Через некоторое время Горошко схватил лежащий рядом карандаш и стал записывать точки и черточки в специальной тетради. Вскоре он отвлекся, обернулся и спросил у народного контролера:
— А как ваша фамилия будет, чтоб в Москву передать?
— Добрынин.
Радист кивнул, и снова запипикала морзянка. Наконец Горошко снял наушники, вздохнул тяжело, прогоняя напряжение, и медленно развернулся, оставшись сидеть на ящике, только теперь уже спиной к радиостанции.
— Ну что там? — спросил Калачев.
— Передал все. Про военных и танк они не знают. Не их это танк. Ихний танк, говорят, на месте уже год, потому что поломан. А вообще у них все в порядке, только попросили ваши документы проверить!
Последние слова сопроводил Горошко переводом взгляда на Добрынина, отчего народному контролеру стало обидно — что же это, считанные люди в этой глуши живут, и то такое недоверие!
Достал свой мандат из кармана гимнастерки, протянул его радисту и сказал урку-емцу, чтоб тот свой тоже показал.
— Давайте я посмотрю! — предложил начальник экспедиции, протягивая длинную сильную руку.
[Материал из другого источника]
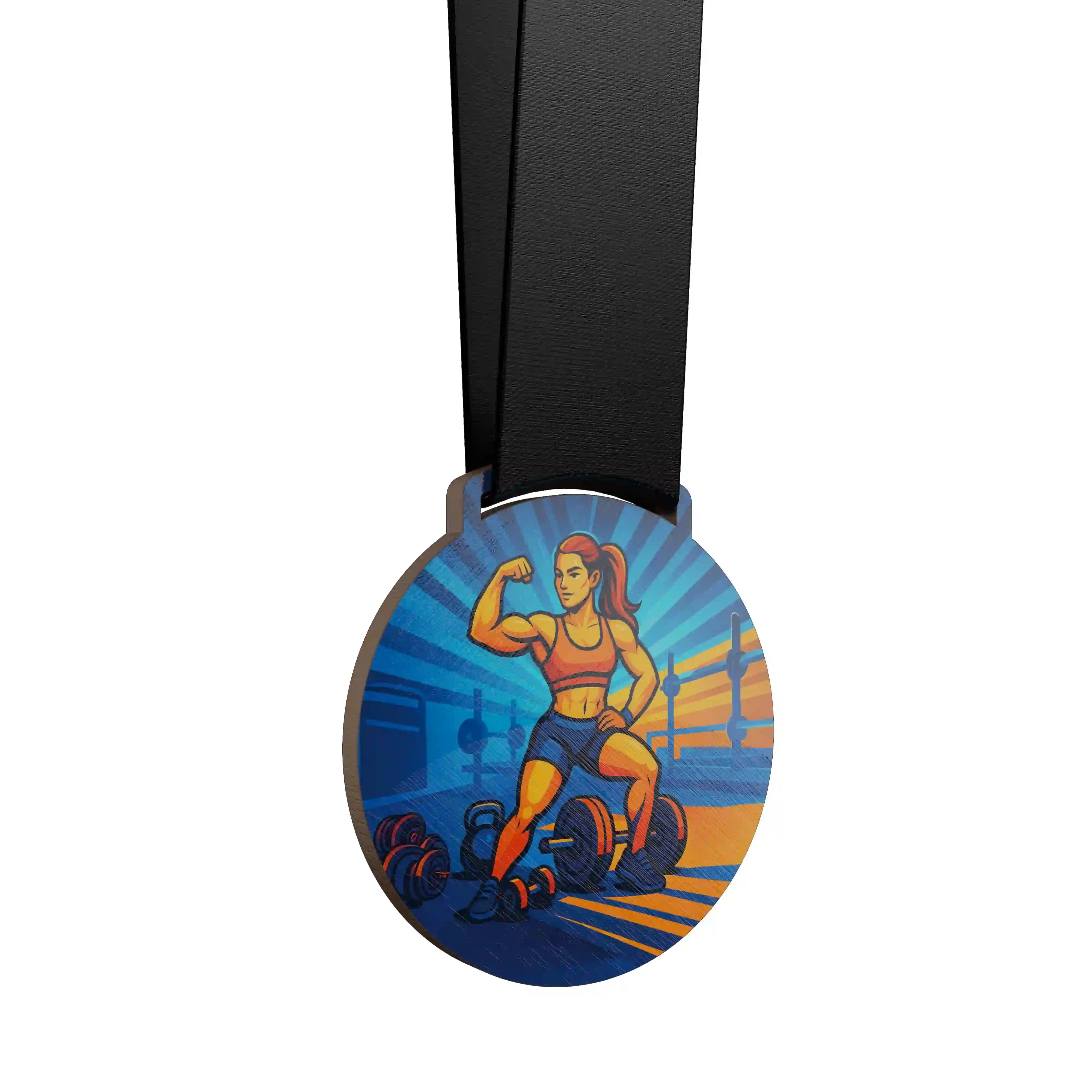 Bodybuildeuse qui fait du posing Ă la salle de sport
Прочитав внимательно оба мандата, он сжал губы, возвратил документы и както странно покачал головой.
— Мне что, мне приказали вот, я поэтому и проверил!.. — заговорил он, и в голосе прозвучало, видимо, несвойственное Калачеву смущение. — Это вам товарищ Тверин мандаты подписывал? Вы его знаете?
— Друзья мы с ним, — признался Добрынин, понимая, что все в порядке. — Когда я в Москву приезжаю, то вместе в Кремле чай пьем.
— Да, я еще спросил про транспорт, — встрял, чтобы договорить, радист Горошко. — Самолета у них нет, и, говорят, до поезда отсюда никак не добраться…
— Та чего, — вдруг махнул рукой хромой Дуев. — Поживите здесь, скоро уж железку проведут, может, через месяц, может, через два, ведь так тебе, Ваня, сказали?